Under this line are the records; write out word for word the part that begins at the line containing "Used 2023 Lincoln Nautilus Reserve" and ends at the line containing "Citroën C3 1.2 puretech 83ch s&s max", and no more.
───── Exercise inputs
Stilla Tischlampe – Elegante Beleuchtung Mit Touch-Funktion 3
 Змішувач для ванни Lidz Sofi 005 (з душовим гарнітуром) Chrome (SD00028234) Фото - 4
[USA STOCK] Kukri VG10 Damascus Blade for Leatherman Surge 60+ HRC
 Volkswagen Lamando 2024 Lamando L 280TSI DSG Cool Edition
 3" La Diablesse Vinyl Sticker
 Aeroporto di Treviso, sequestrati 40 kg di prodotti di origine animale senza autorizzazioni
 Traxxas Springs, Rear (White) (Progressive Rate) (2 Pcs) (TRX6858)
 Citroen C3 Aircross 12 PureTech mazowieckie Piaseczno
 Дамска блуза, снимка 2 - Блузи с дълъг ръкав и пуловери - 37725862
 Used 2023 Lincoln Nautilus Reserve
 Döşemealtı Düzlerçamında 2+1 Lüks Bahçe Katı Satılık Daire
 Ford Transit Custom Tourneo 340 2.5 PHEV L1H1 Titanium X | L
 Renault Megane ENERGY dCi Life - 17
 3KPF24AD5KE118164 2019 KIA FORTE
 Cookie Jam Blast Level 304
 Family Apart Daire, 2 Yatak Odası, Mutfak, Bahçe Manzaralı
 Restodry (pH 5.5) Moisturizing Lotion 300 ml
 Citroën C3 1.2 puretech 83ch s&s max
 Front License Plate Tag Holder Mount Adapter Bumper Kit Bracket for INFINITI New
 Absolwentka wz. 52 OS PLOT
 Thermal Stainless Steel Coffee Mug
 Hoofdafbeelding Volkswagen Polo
──────────
● **Result below**:
 Used 2023 Lincoln Nautilus Reserve
 Döşemealtı Düzlerçamında 2+1 Lüks Bahçe Katı Satılık Daire
 Ford Transit Custom Tourneo 340 2.5 PHEV L1H1 Titanium X | L
 Renault Megane ENERGY dCi Life - 17
 3KPF24AD5KE118164 2019 KIA FORTE
 Cookie Jam Blast Level 304
 Family Apart Daire, 2 Yatak Odası, Mutfak, Bahçe Manzaralı
 Restodry (pH 5.5) Moisturizing Lotion 300 ml
 Citroën C3 1.2 puretech 83ch s&s max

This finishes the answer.